President Barack Obama pardons "Apple," the National Thanksgiving turkey, during a ceremony in the Rose Garden.
Susan Walsh
/
AP
President Barack Obama pardons "Apple," the National Thanksgiving turkey, during a ceremony in the Rose Garden.

Apple and Cider, the two plump turkeys that President Obama pardoned today, were no doubt the luckiest of the 8.3 million birds the poultry company Foster Farms raised this year.

So while doing some scientific research on the turkeys' background, Shots stopped short at this sentence on the West-Coast based company's website: "Consumers can also be assured that Foster Farms does not use Roxarsone or any feed additives containing arsenic."

Arsenic -- the poison? In turkey? Apparently, yes.

The poultry industry has long mixed roxarsone, a form of arsenic, with feed to control stomach bugs and promote growth in animals. Some companies, like Foster Farms and Perdue, have stopped using it, but many have not.

And it turns out that arsenic can end up on the edible parts of turkeys (as well as in the waste). And this is very worrisome to a handful of scientists who study the links between industrial food production and health.

Keeve Nachman is the science director for the Center for a Livable Future at the Johns Hopkins School of Public Health. He studies arsenic in the food system and has recommendedto Congress and the state of Maryland (a big poultry producer) that it ban roxarsone from all poultry feed.

So how big a problem is it for humans?

According to the Poultry & Egg Institute, an industry group, "the benefits of continued use of roxarsone far outweigh the concerns expressed by the media and special interest groups."

But Nachman says certain chemical forms of arsenic are toxic and have been linked to cancer. Recent studies have shown that 65 percent of arsenic in poultry is the inorganic form – the bad one.

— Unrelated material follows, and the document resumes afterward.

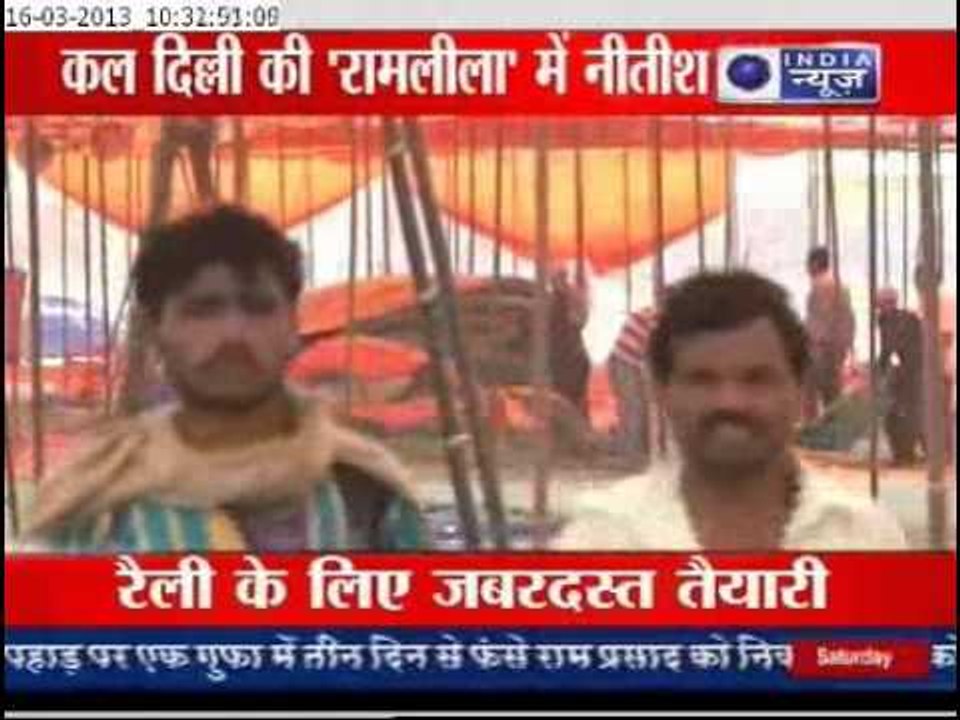 India News : Top News of the hour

Even though poultry producers have been using roxarsone for decades, scientists have only just begun to study how it makes its way through the food chain to humans.

Recently, the Environmental Protection Agency, which is responsible for setting toxicity values for chemicals, reported that arsenic's cancer causing power is 17 times higher than previously believed.

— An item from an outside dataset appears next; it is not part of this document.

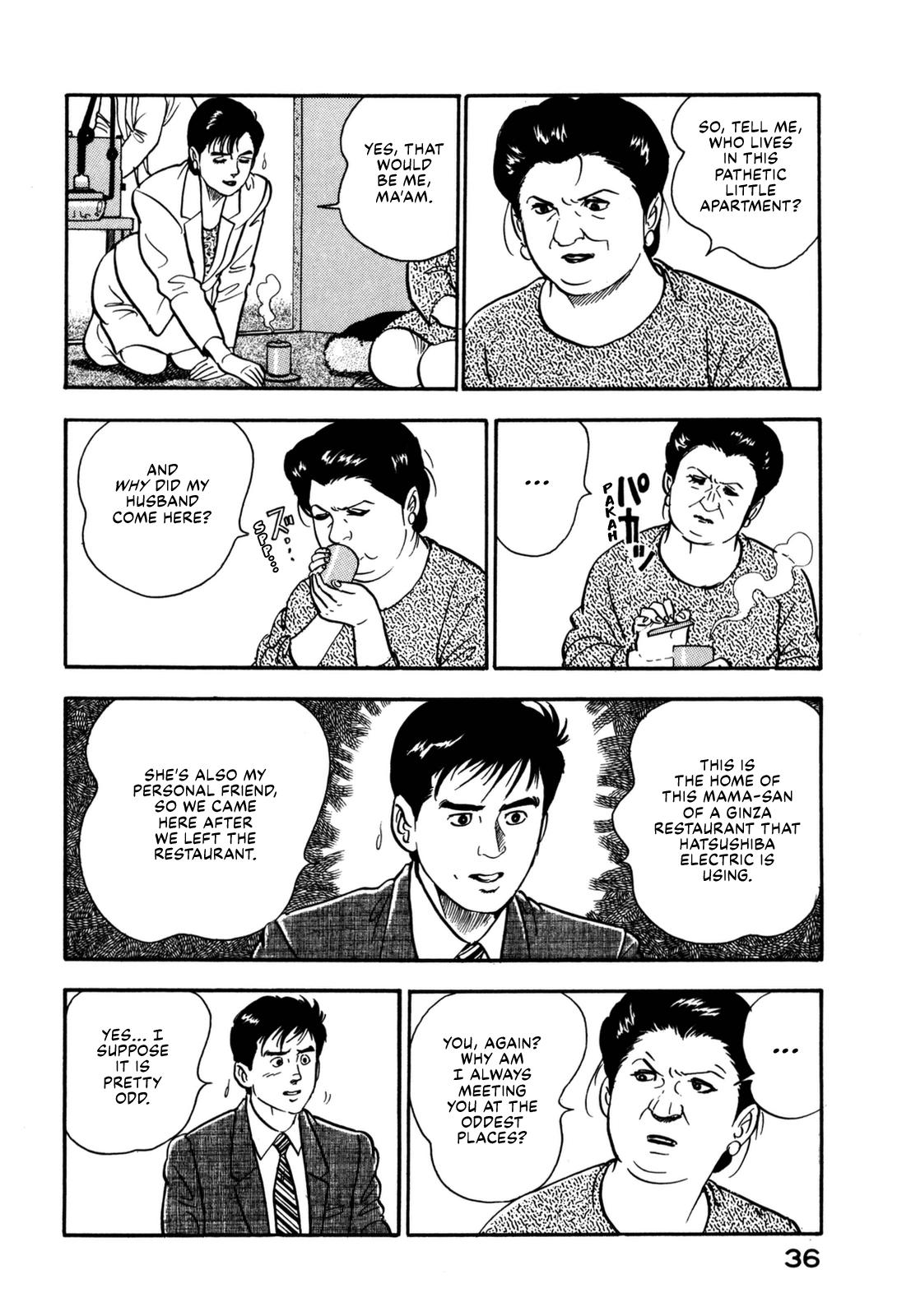 Section Chief Shima Kousaku Volume 13 42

But the FDA sets the tolerance for certain chemicals in meat. It originally set arsenic levels in 1950s and hasn't touched them since. The agency says arsenic consumption is safe at levels up to 0.5 parts per million in poultry muscle, and that roxarsone is just fine for use.

"But since then, there's been an enormous amount of research on the human health effects from arsenic exposure," says Nachman. And given the EPA's recent findings, "it seems irresponsible to rely on FDA's tolerances to protect public health."

How to steer clear of arsenic while the agencies quibble over how to regulate it? Nachman recommends organic turkey (and chicken) as the safest bet.